**Captioned web image data:**
==================================================
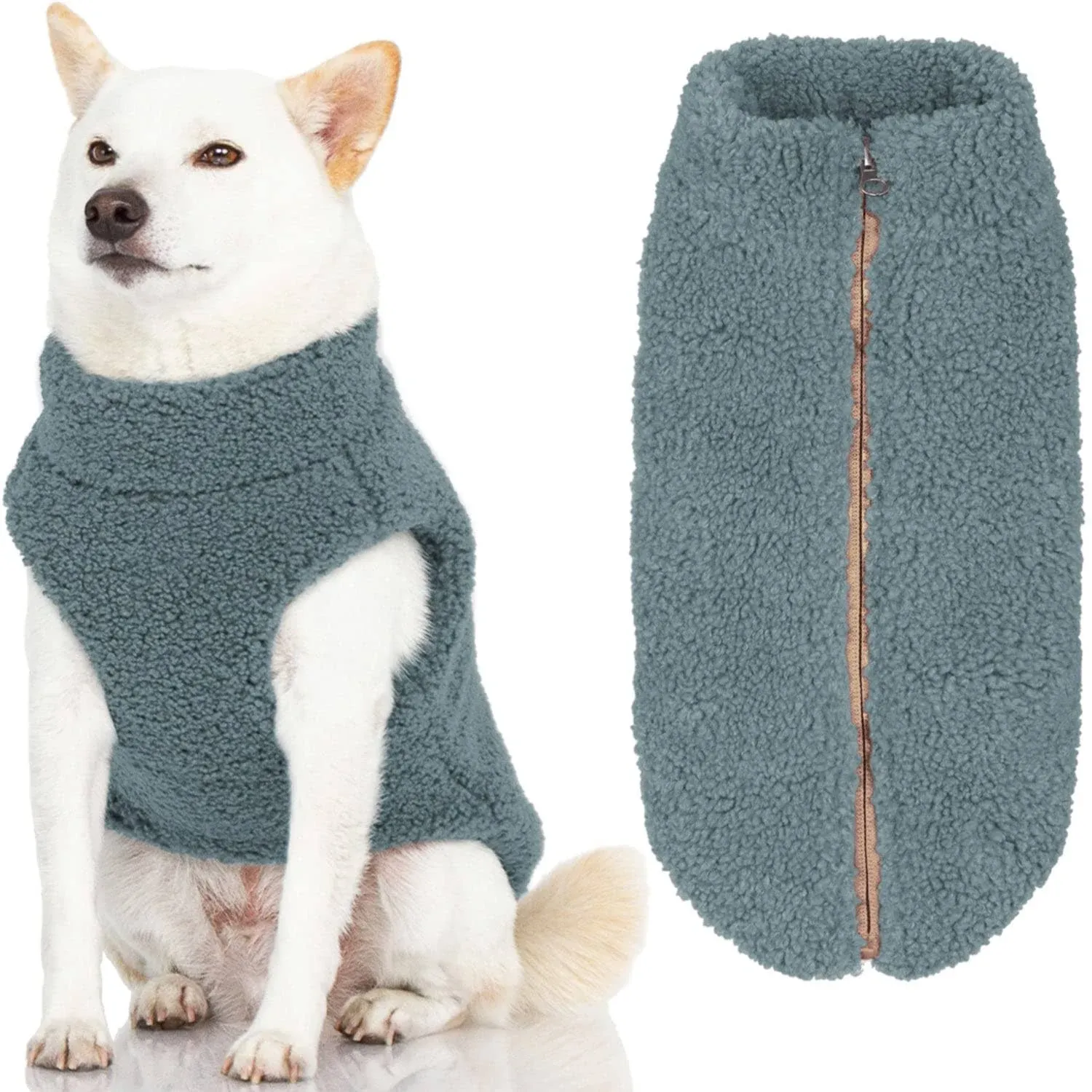 Plush Fuzzy Sherpa Dog Vest - Stone Blue, XS-3XL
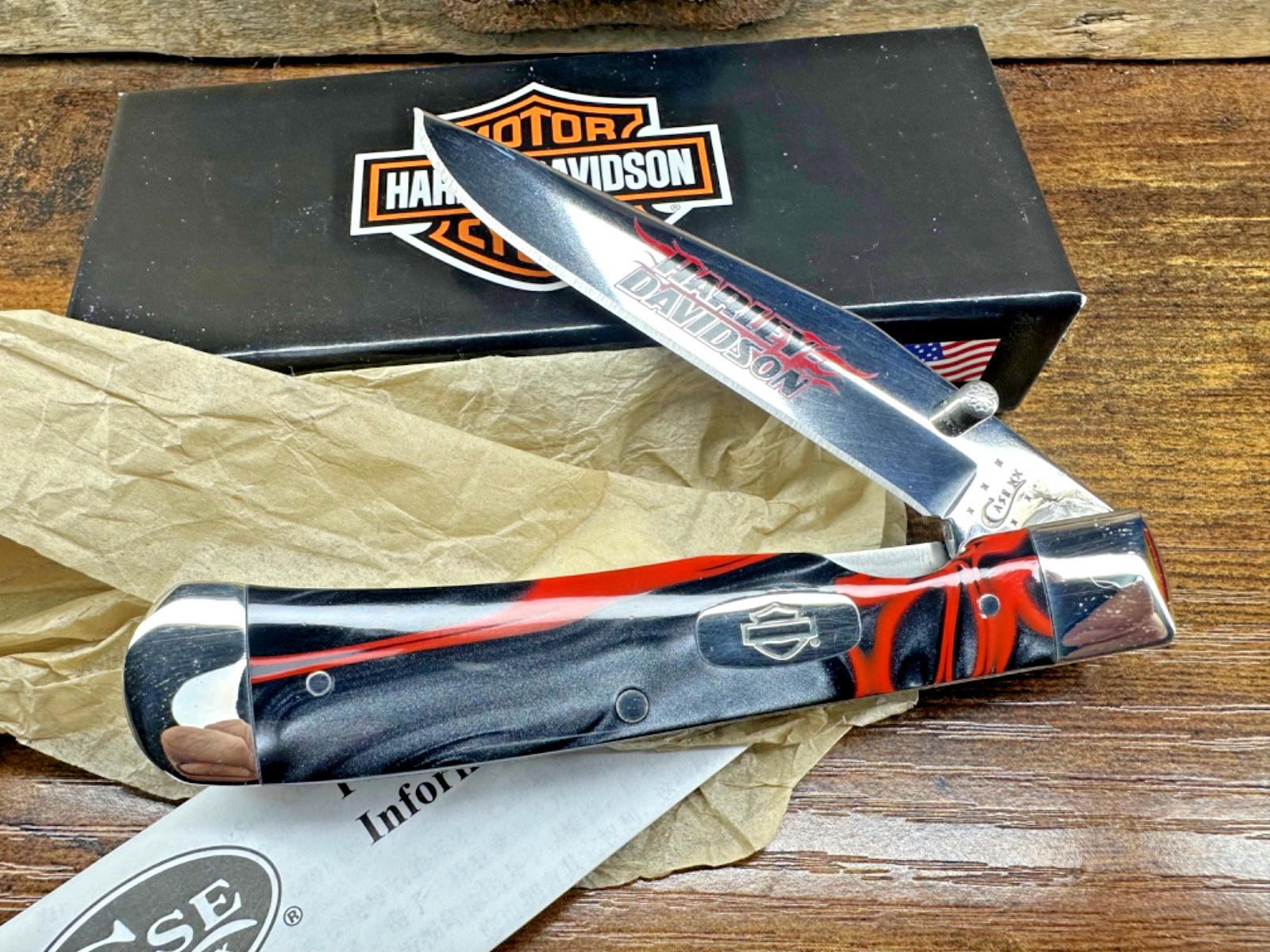 Case XX knife USA Harley Davidson Lava Trapperlock 54L 10154LC SS Item # 52102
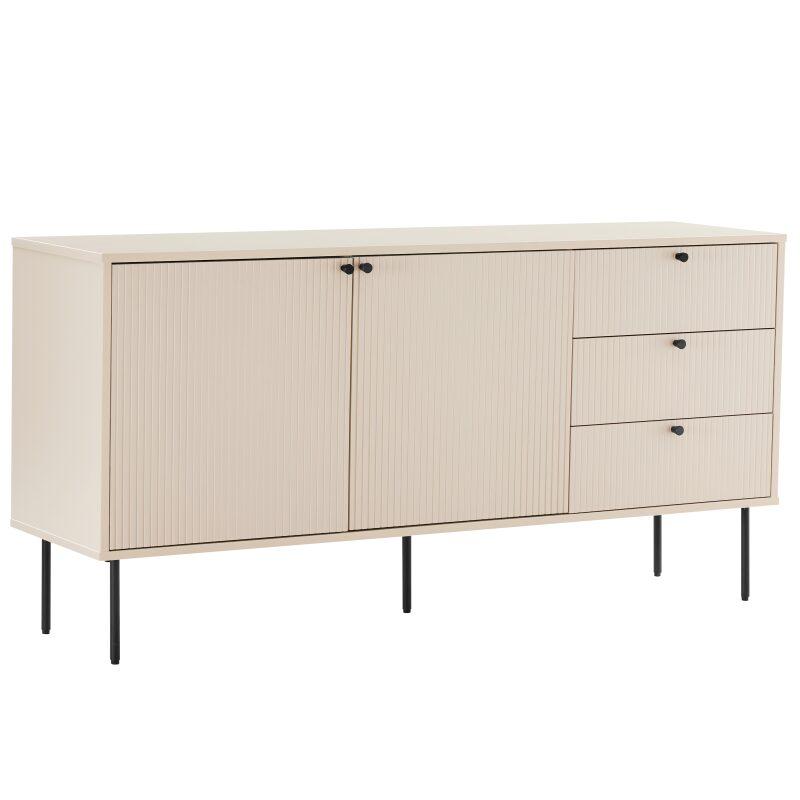 Büfett 2 Türen und 3 Schubladen aus Stahl und MDF FSC® Melamindekor 150 cm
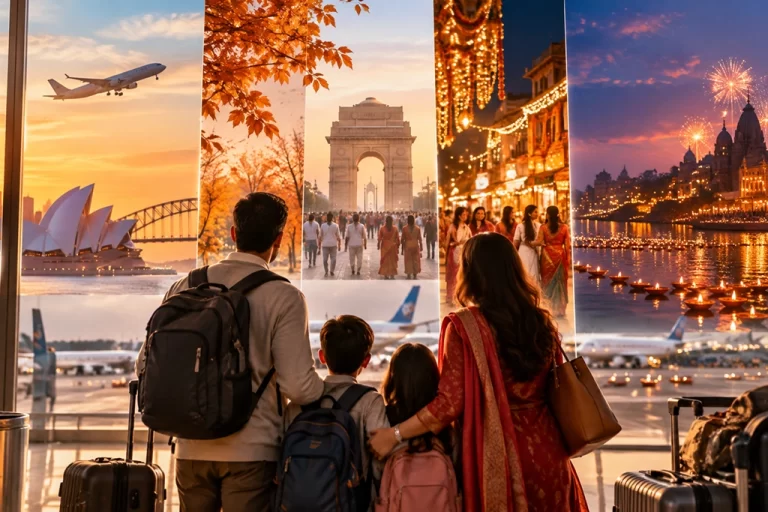 Diwali 2026 Travel from Australia to India Why Oct - Mann Travel A family of four with backpacks and rolling suitcases looks at a large travel montage showing Sydney Opera House, an arch, festive lights, and a fireworks-lit city at sunset.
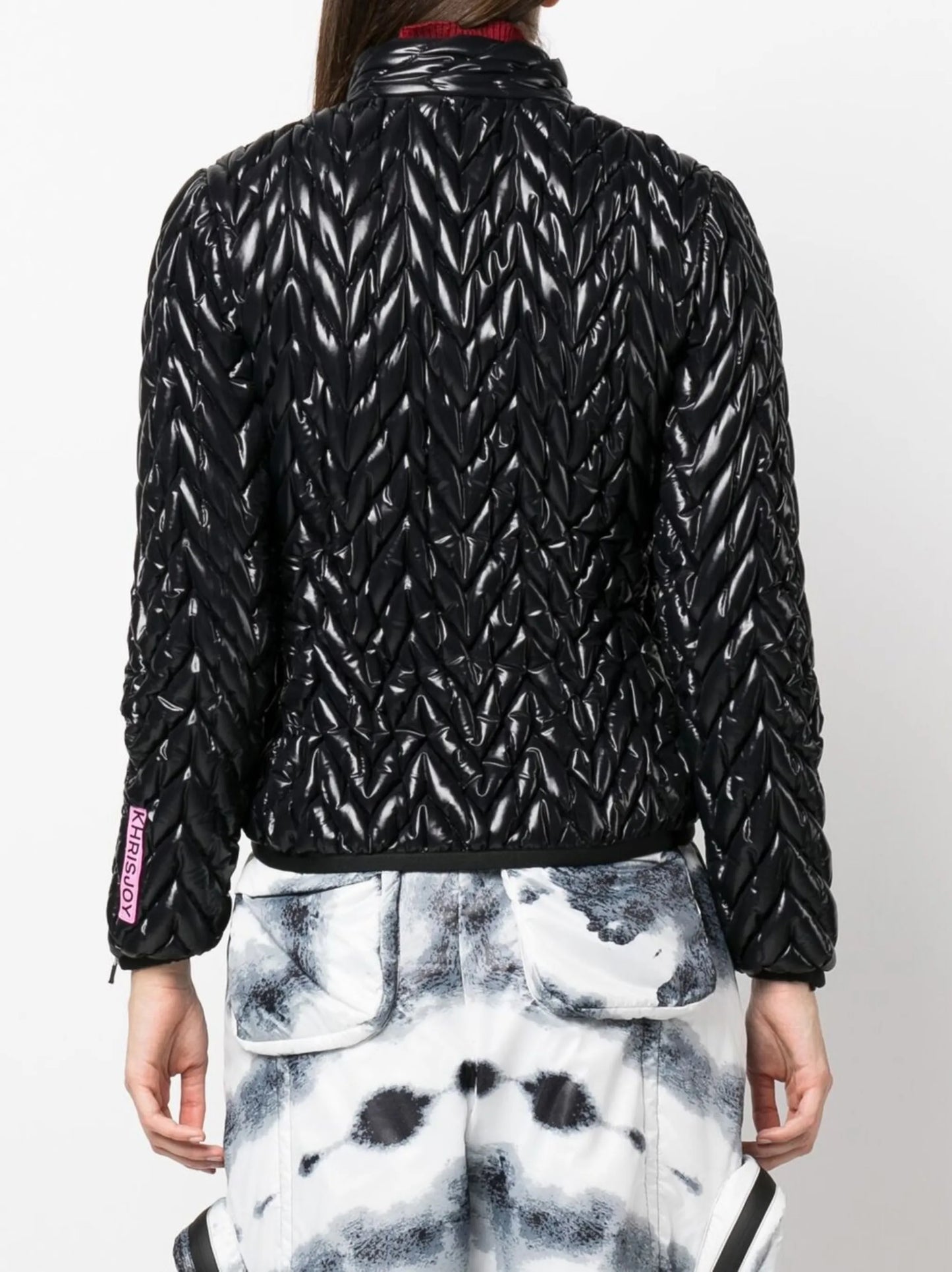 Chevron-quilted ski jacket
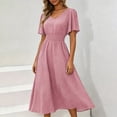 thumbnail image 5 of Dolkfu Pink Women's Fall&Winter dresses Waist Cinched V-Neck Short Sleeve Long Fit & Flare Dresses Refined Polka Dot Regular Patchwork Dresses Pink,S, 5 of 6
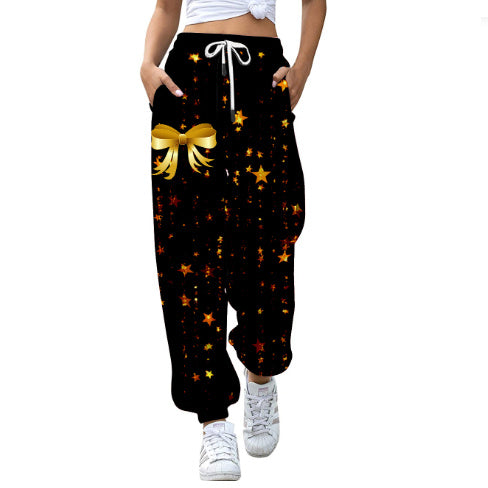 "European & American Christmas High-Waist 3D Printed Casual Drawstring Pants for Women"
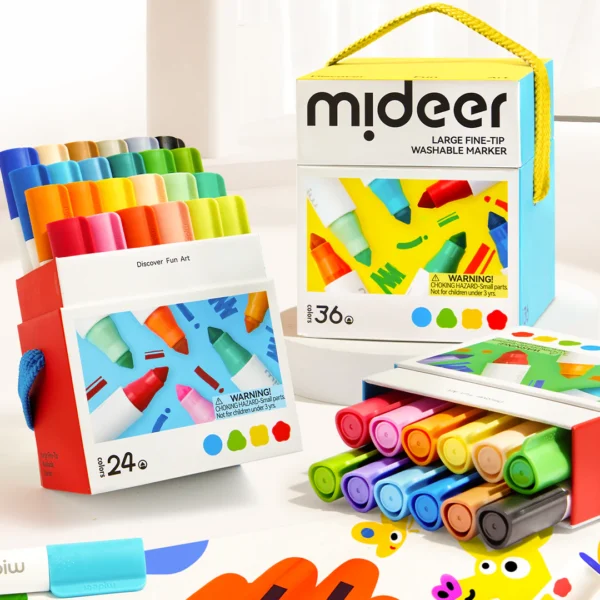 Mideer Nuplaunami markeriai flomasteriai – 24 Spalvos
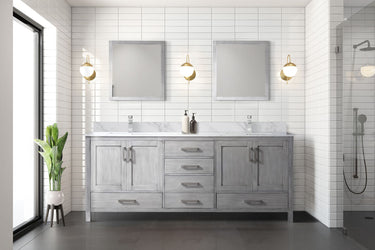 Lexora Collection Jacques 80 inch Double Bath Vanity, Top, Faucet Set, and 30 inch Mirrors - Luxe Bathroom Vanities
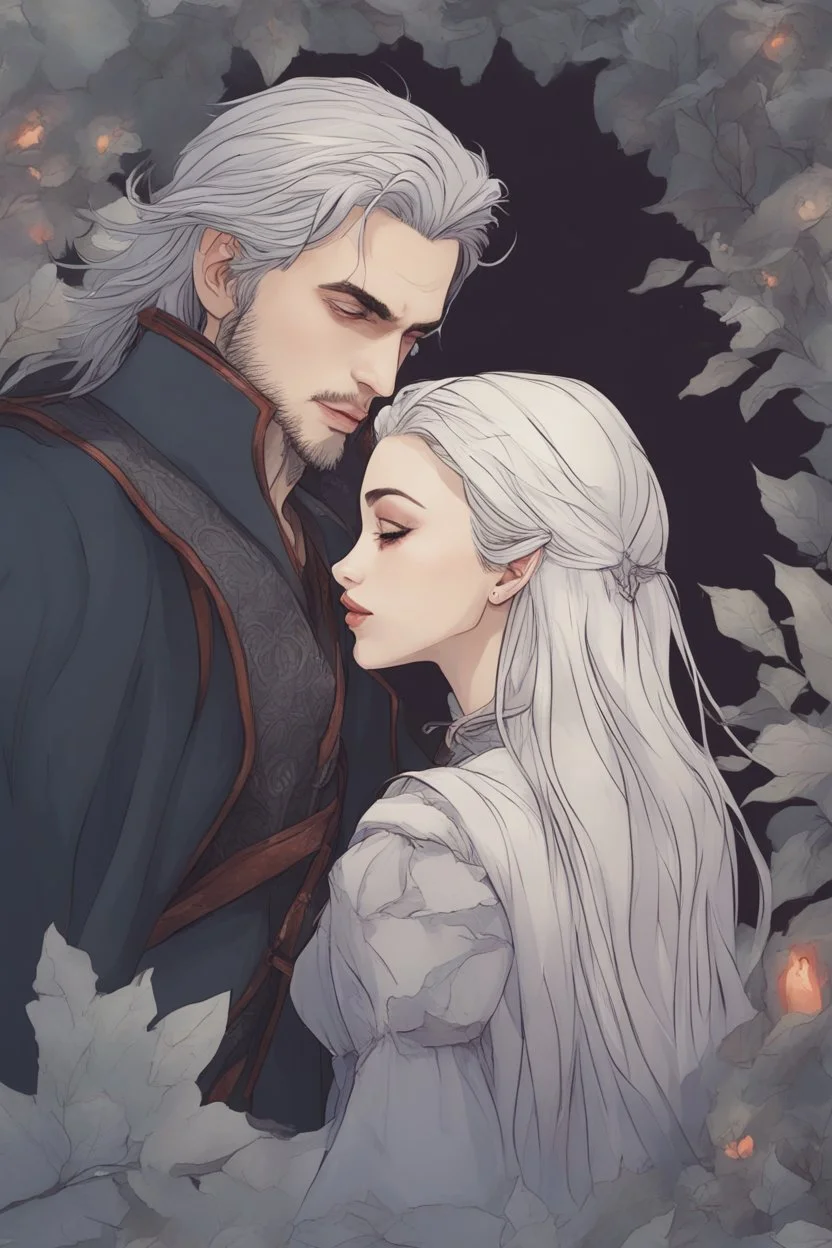 A couple from the dnd game curse of Strahd kissing. She has white hair he has long black hair. Romantic, sweet, loving, possessive, protective, kiss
==================================================
Your job is to copy every entry exactly. Omit the pictures.

**RESULT OF THIS TASK:**
 Plush Fuzzy Sherpa Dog Vest - Stone Blue, XS-3XL
 Case XX knife USA Harley Davidson Lava Trapperlock 54L 10154LC SS Item # 52102
 Büfett 2 Türen und 3 Schubladen aus Stahl und MDF FSC® Melamindekor 150 cm
 Diwali 2026 Travel from Australia to India Why Oct - Mann Travel A family of four with backpacks and rolling suitcases looks at a large travel montage showing Sydney Opera House, an arch, festive lights, and a fireworks-lit city at sunset.
 Chevron-quilted ski jacket
 thumbnail image 5 of Dolkfu Pink Women's Fall&Winter dresses Waist Cinched V-Neck Short Sleeve Long Fit & Flare Dresses Refined Polka Dot Regular Patchwork Dresses Pink,S, 5 of 6
 "European & American Christmas High-Waist 3D Printed Casual Drawstring Pants for Women"
 Mideer Nuplaunami markeriai flomasteriai – 24 Spalvos
 Lexora Collection Jacques 80 inch Double Bath Vanity, Top, Faucet Set, and 30 inch Mirrors - Luxe Bathroom Vanities
 A couple from the dnd game curse of Strahd kissing. She has white hair he has long black hair. Romantic, sweet, loving, possessive, protective, kiss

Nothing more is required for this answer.